Now the line not diff %t/B.pcm %t/B.v1.pcm &> /dev/null can’t pass.

I believe we can solve such problems when writing UnresolvedLookupExpr.

The theory is, in the consumer’s units, they can only access the reachable but not visible contents via the directly imported modules. In other word, the directly imported modules can have the information that which contents are reachable to the consumers.

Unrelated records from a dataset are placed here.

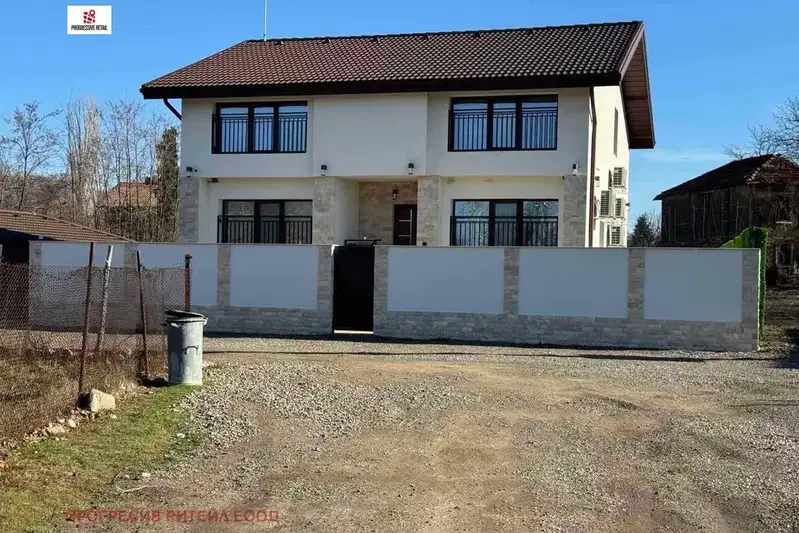 House in Kyustendil, Krainici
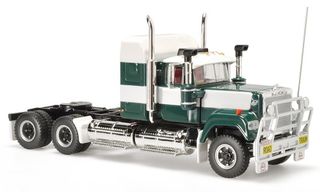 Big Trucks & Tow Trucks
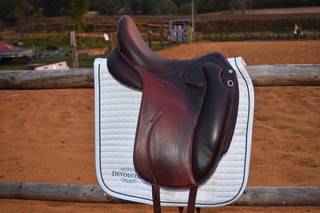 Selle devoucoux dressage 17,5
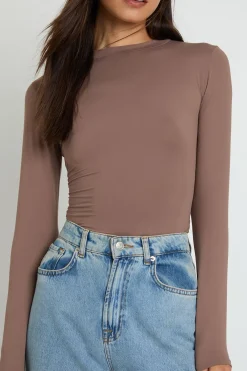 boohoo Body Moulant À Col Rond Et Manches Longues Coupe Tall<Femme Tops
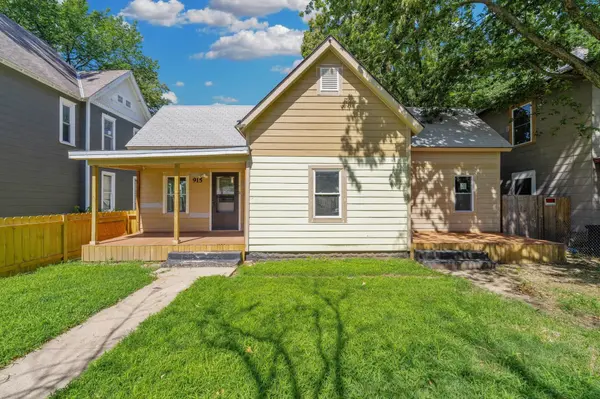 915 S Topeka Ave, Wichita, KS 67211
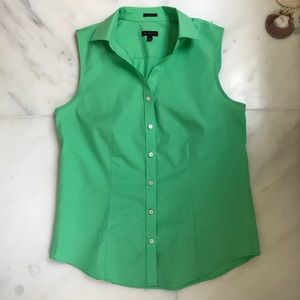 {Talbots} Classic Sleeveless Button Front Shirt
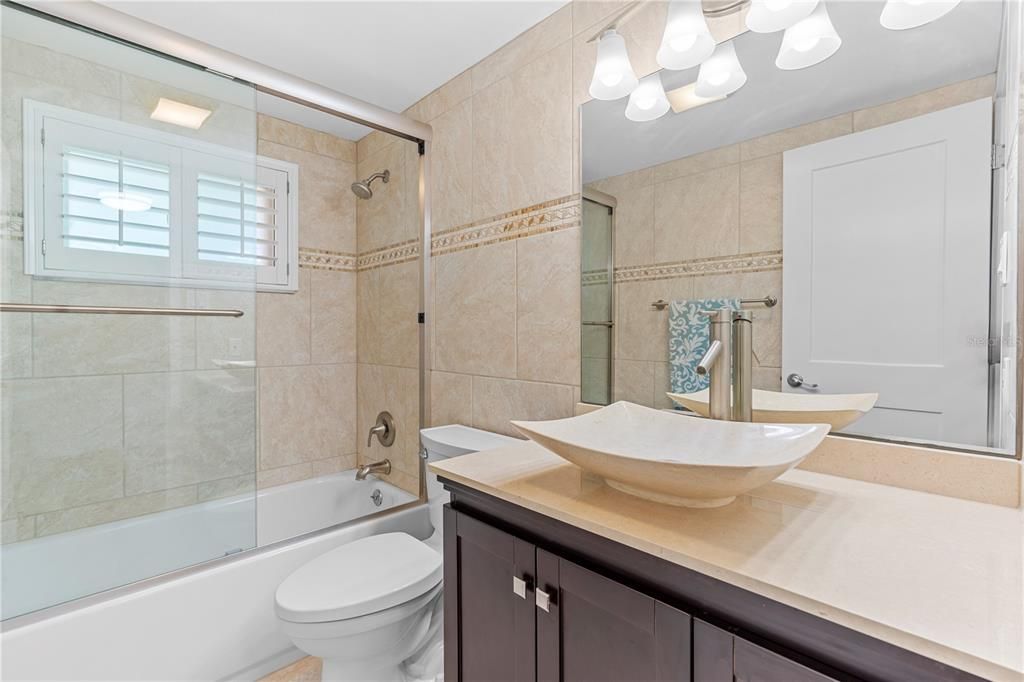 En Venta: $450,000 (2 camas, 2 baños, 1232 Pies cuadrados)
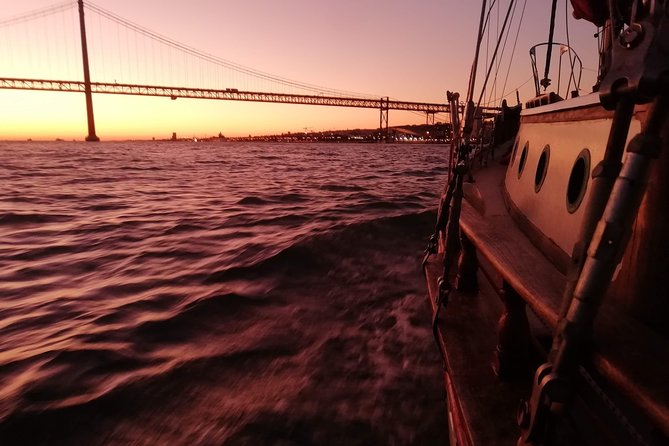 Marriage proposal on a Vintage Sailboat - MAAT and the former Electricity Museum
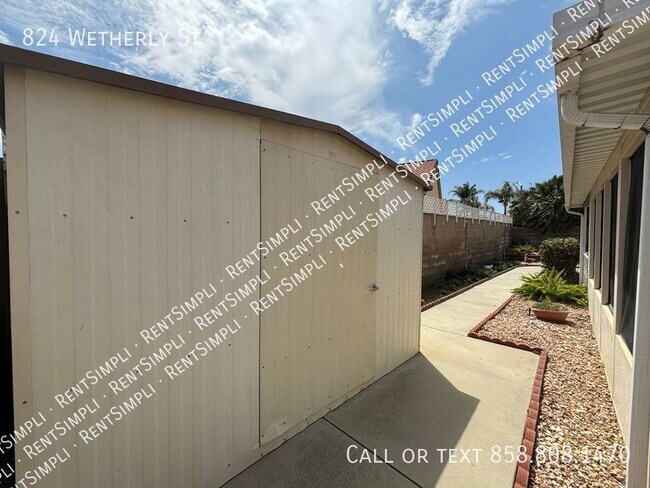 Building Photo - 824 Wetherly St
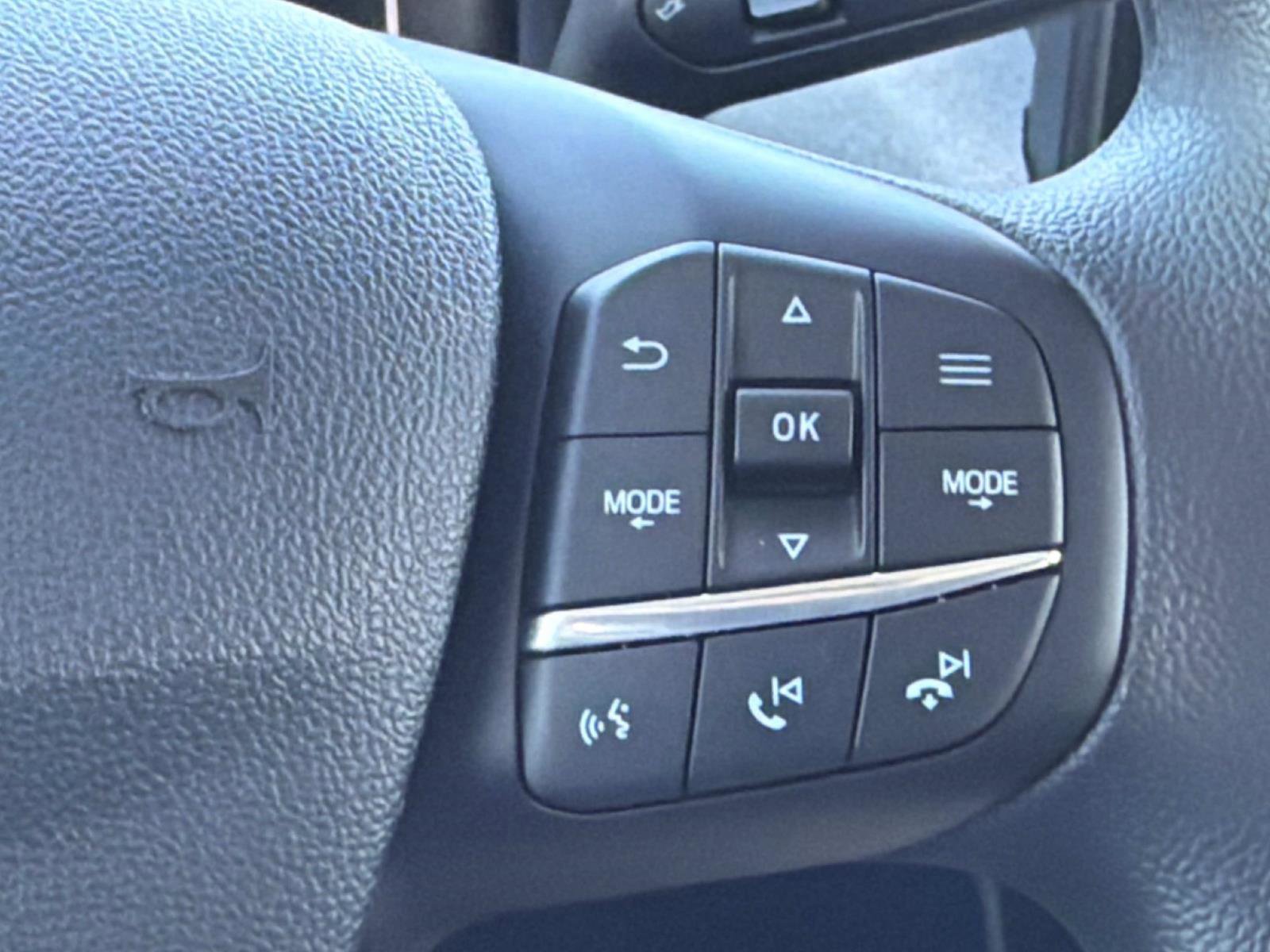 Certified 2025 Ford Maverick XLT w/ 4K Tow Package image 19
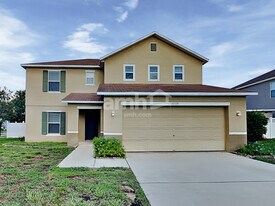 10725 Bamboo Rod Cir in Riverview, FL - Building Photo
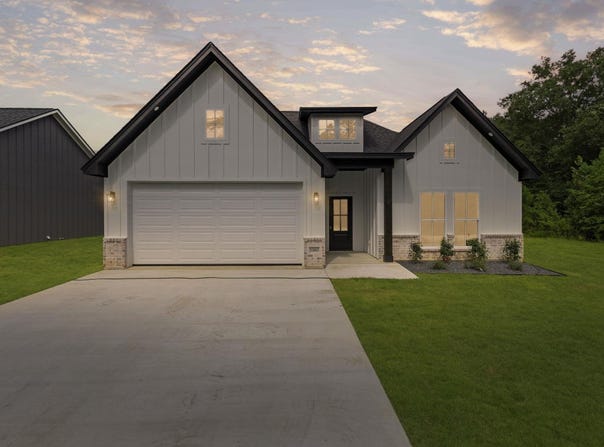 1180 Pine St, Vidor, TX 77662
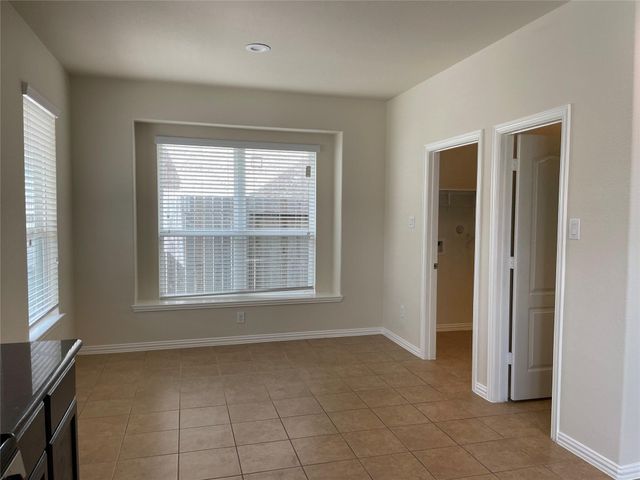 627 Oak Circle Drive E, Conroe, TX 77301
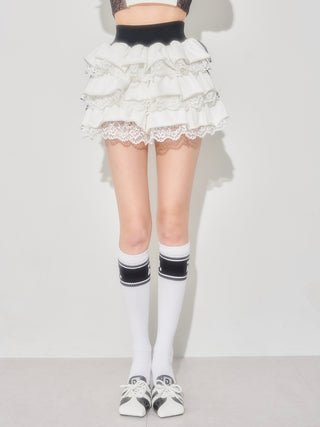 モデル：160cm（着用サイズ：FREE　着用カラー：WHT）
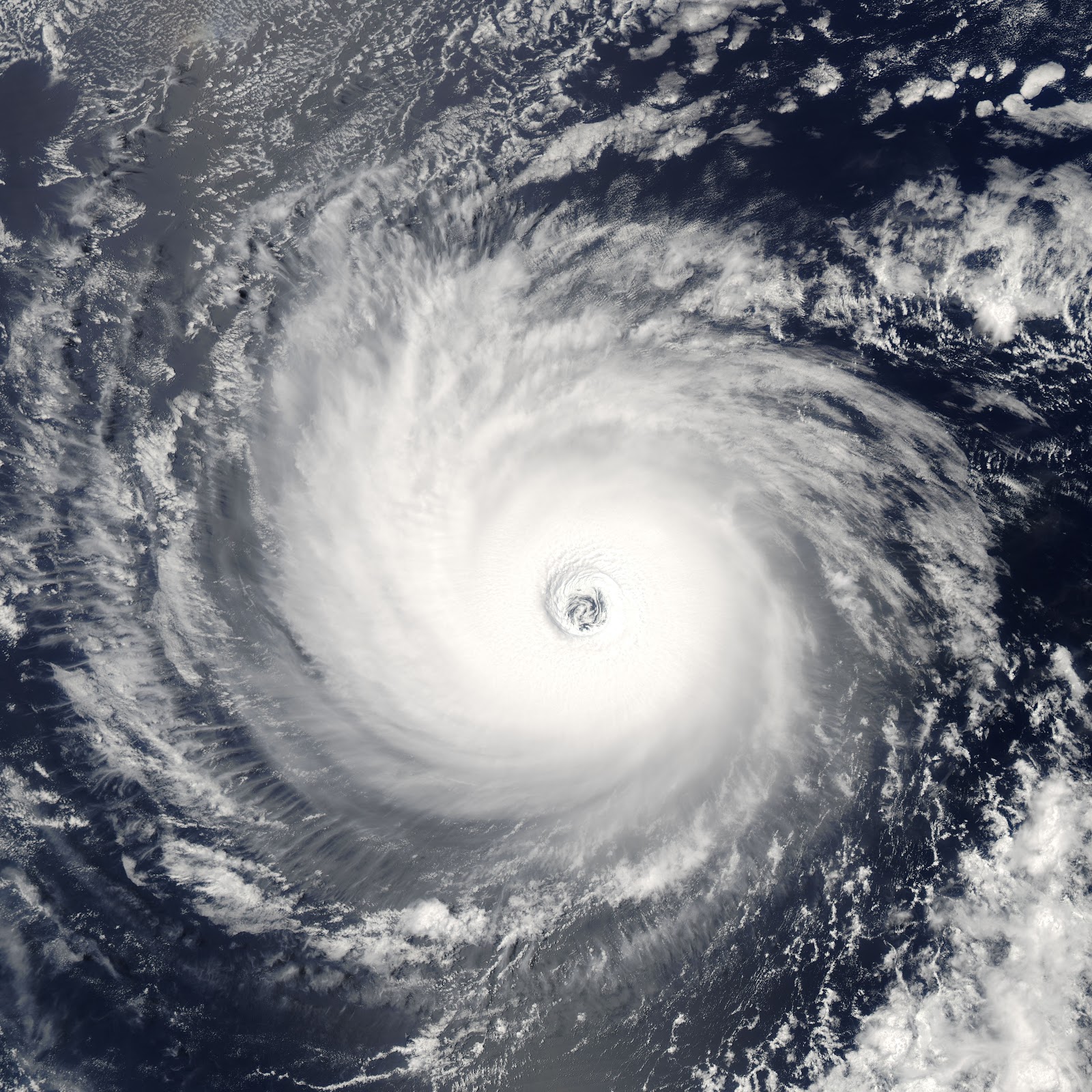 Category 4 hurricane (SSHWS)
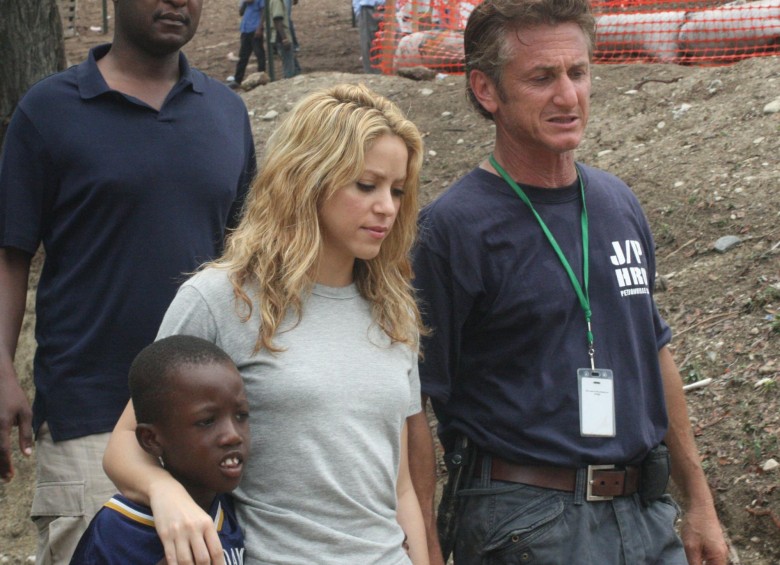 La cantante colombiana Shakira, tras su visita a Haití, recorrió posibles lugares donde levantó una escuela Pies Descalzos. FOTO Colprensa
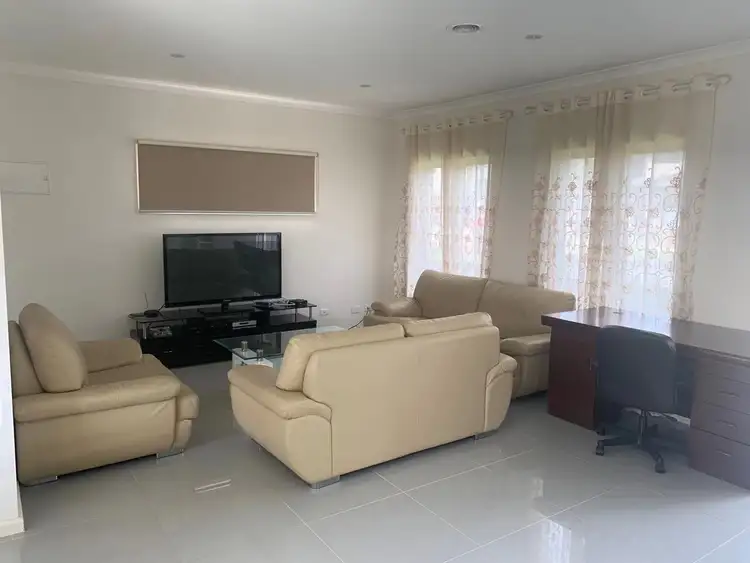 1/5 Peter Street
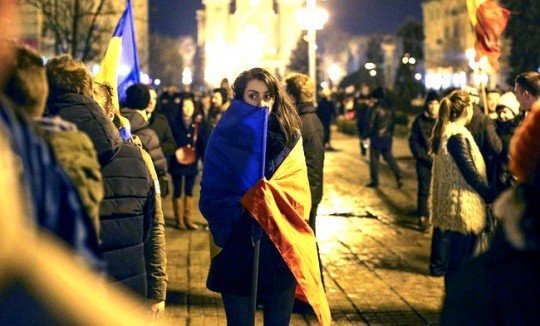 Румыния на пороге революции - на площадях крупнейших городов страны вышло около 500 тысяч протестующих - Romania (3).jpg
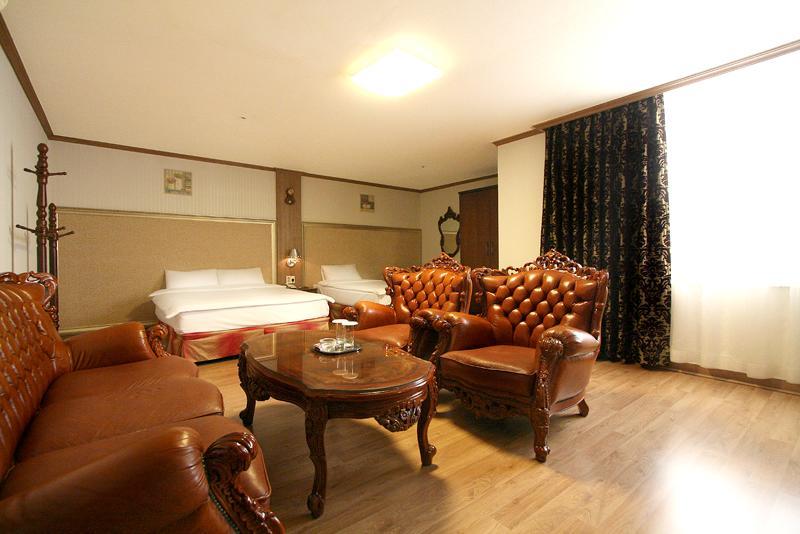 Changwon Olympic Hotel Exterior photo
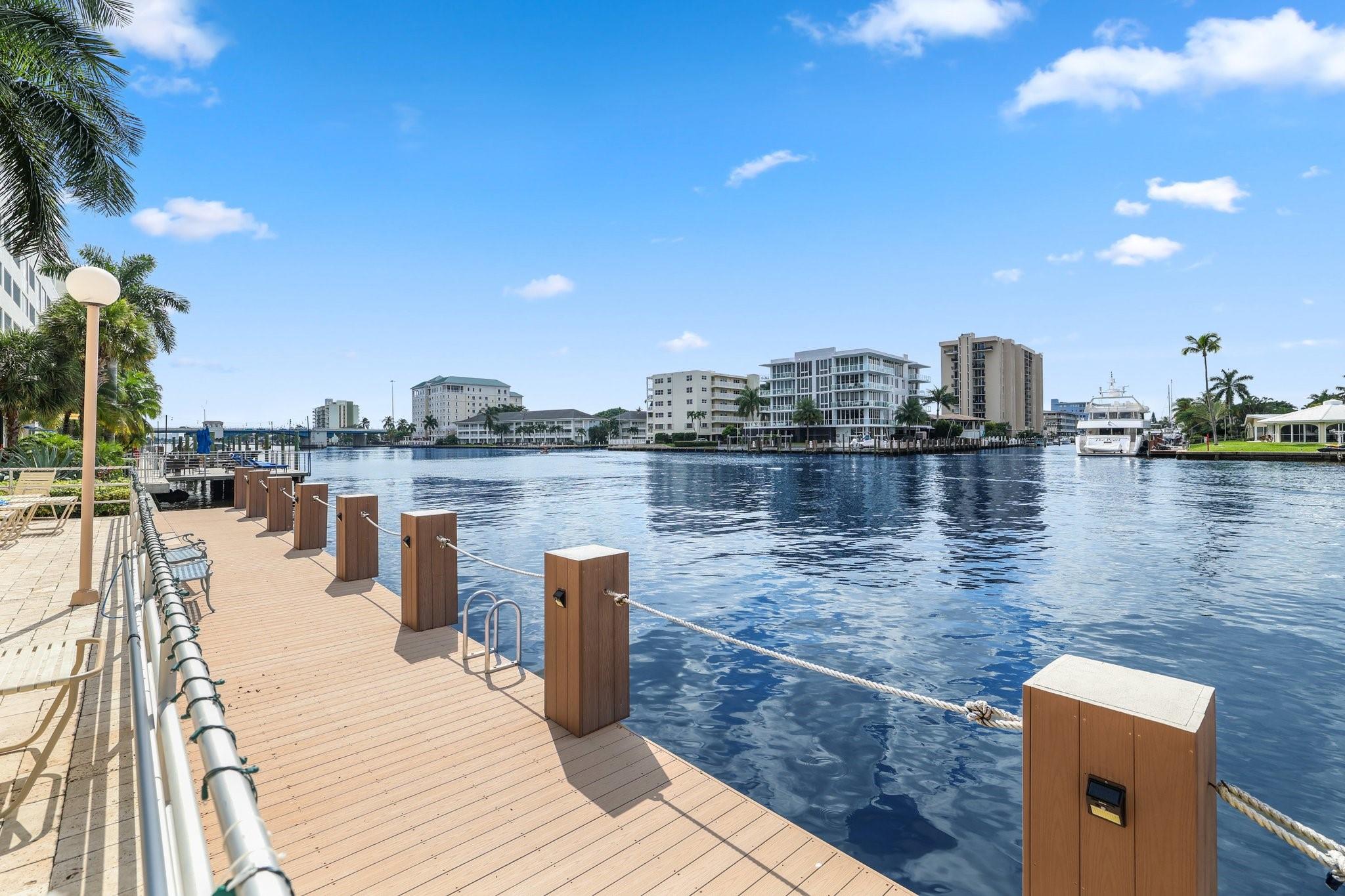 3233 NE 34th St Unit: 1512A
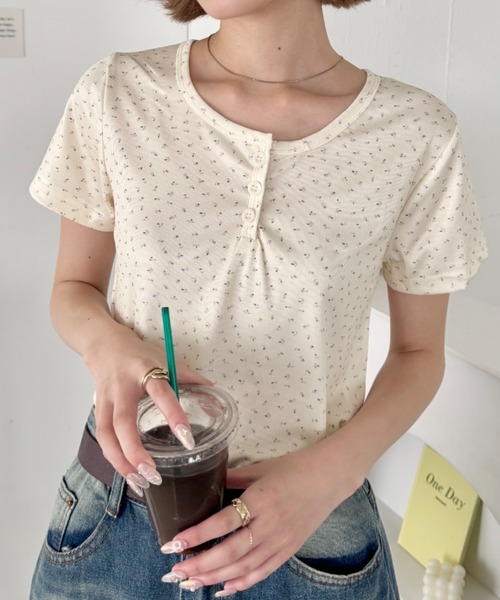 SOLLON.（ソルロン）の「小花柄ヘンリーネック半袖トップス（Tシャツ/カットソー・レディース・アイボリー/ネイビー/グレー・FREE）」の7枚目の写真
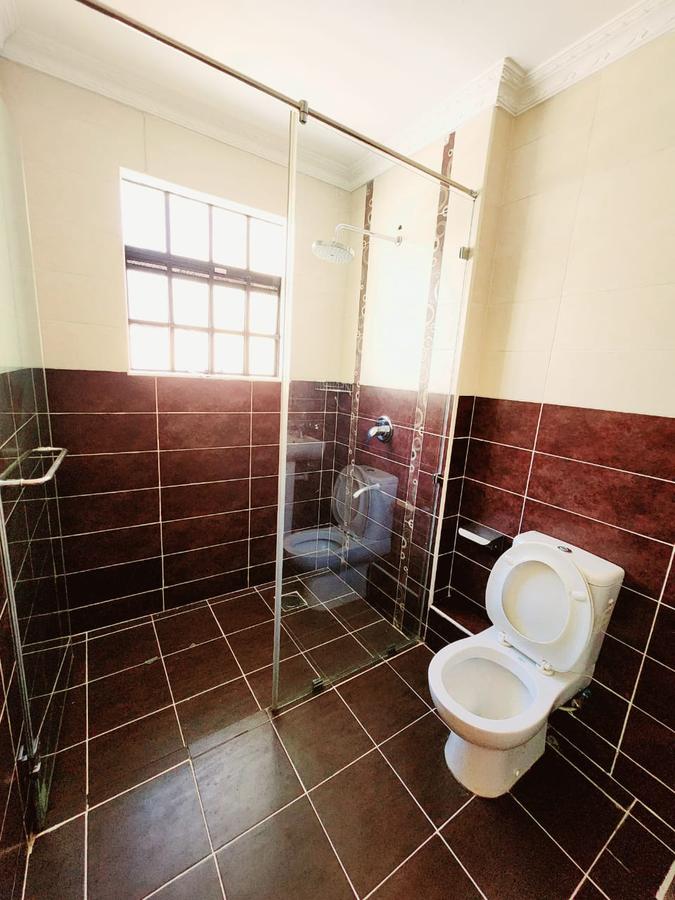4 Bed Townhouse with En Suite at Lavington - 15 4 Bed Townhouse with En Suite at Lavington - 15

So it should be implementable.

And of course, there might be some defects like the above ADL example, but I think we can fix them iteratively. This may be fine since this should be experimental. And before we complete, the build system are required to treat all the (indirectly) imported modules as the dependencies.